Watched for this review August 12, 2010

Five disparate, suburban kids from Shermer, Illinois find themselves stuck in a Saturday detention together. They are Claire (Molly Ringwald), the princess, Andy (Emilio Estevez), the jock, Bender (Judd Nelson), the criminal, Brian (Anthony Michael Hall), the brain, and Allison (Ally Sheedy), the basketcase. They are presided over by the principal, who feels that they don’t respect him (which they don’t), and that is their fault and problem (which it isn’t). Despite their apparent differences, as the day goes on they find out they have more in common than they think.

I’ve reviewed this movie three times. I keep watching it—despite not liking it all that much—and my opinion on it keeps evolving. I first saw it around 1987, when I was 15 and a sophomore in a suburban high school. For obvious reasons, the movie resonated with me. I didn’t like it, and I didn’t like the characters. However, I understood it, I understood the characters, I could relate, on some level, to everything that happened in the movie. Yet, I never did like the characters, as, by and large, I never liked any John Hughes’ characters that weren’t primarily comedic. To me, even as a 15-year-old, they seemed like spoiled, suburban brats who needed something to complain about. I knew these characters very well, and maybe that was the key problem.

That opinion remained steadfast for the next 20 years of my life with one key difference. I began to understand and appreciate how elemental The Breakfast Club was for and to my generation, for better or worse. This was our movie. Would I have preferred another movie speak for my generation? Yes, I suppose so, but this movie did represent the majority of my generation, and frankly, there weren’t that many quality movies made during that period of time. In short, regardless of how I felt about the characters, I came to respect the movie for what it was.

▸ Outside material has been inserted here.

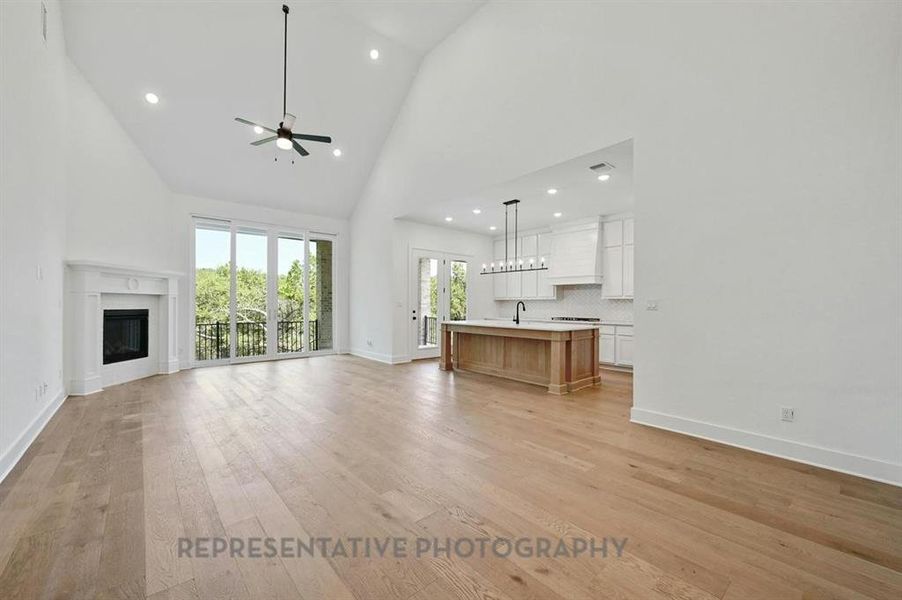 Spacious, unfurnished interior of a new home in Quail Hollow: 62ft. lots, Rockwall (Image 10).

Now, I am 37. My views on my place in the world and my generation’s place in the world and in history have evolved. In effect, I look at The Breakfast Club a bit differently. I still don’t like the characters. I still feel they are suburban brats who should man up and tell their parents to piss off (if not at the time, then as soon as they got out of their parents’ reach). Nevertheless, when I see The Breakfast Club, I look at it in the same way that I look at The Adventures of Huckleberry Finn, which is another “classic” that I don’t love all that much. Most books or movies present an official hero or heroes, and that hero(es) has a clearly defined and understood world view. More than that, the writer or director has a clearly defined and understood view. In Huckleberry Finn, Mark Twain is working his mojo out as he is writing. In fact, he begins the book with the following famous line: “PERSONS attempting to find a motive in this narrative will be prosecuted; persons attempting to find a moral in it will be banished; persons attempting to find a plot in it will be shot.” He’s telling the reader up front that he doesn’t know much more than anybody else, and anybody attempting to find any great and final meaning or moral will indeed, “be shot.”

In retrospect, we can see that Twain is a racist, but at the time, he was a forward thinking abolitionist. However, given his background, one can’t expect him to raid Harper’s Ferry etc. Twain was working his racism out in his life and through his writing, trying to reconcile everything he knew and had been taught with everything he was coming to find contradicted his background. Twain’s characters are racist, but Twain knows his characters and can relate to them. He understands why they are racist and is empathetic.

There is an element of that with Hughes. His characters are the suburban brats we all know they are. Yet, Hughes understands his characters. He understands why they are the way they are, and he is empathetic. Just like his characters, he is trying to work through his own role in this, which is surprising given that Hughes is a Baby Boomer and not a Gen-Xer; most Boomers have no sympathy for Xers.

Speaking of which, The Breakfast Club shows the fruits of the Baby Boom. Most specifically, the idea that one shouldn’t trust anybody over 30. That was the Boomers’ youth-worshiping mantra. The question is what happens to people who believe that when they are no longer young? That is a question to be dealt with on another day, but it does seem that every generation since the Boom has adopted their philosophy. In Roger Ebert’s review of the movie, he noted that “The only weaknesses in Hughes’ writing are in the adult characters: The teacher is one-dimensional and one-note, and the janitor is brought onstage with a potted philosophical talk that isn’t really necessary. Typically, the kids don’t pay much attention.” Ebert is missing the point. Hughes’ movies (his early movies) are not told from an omnipotent point of view. They are told specifically and only with the teenager in mind. And the teenager, post-Boomer, sees most adults as “one-dimensional” or full of “potted” philosophy. This is the true fruit of the Boom. Much as the adults in The Breakfast Club see the children as they want to see them, so too, do the children see the adults as one-dimensional.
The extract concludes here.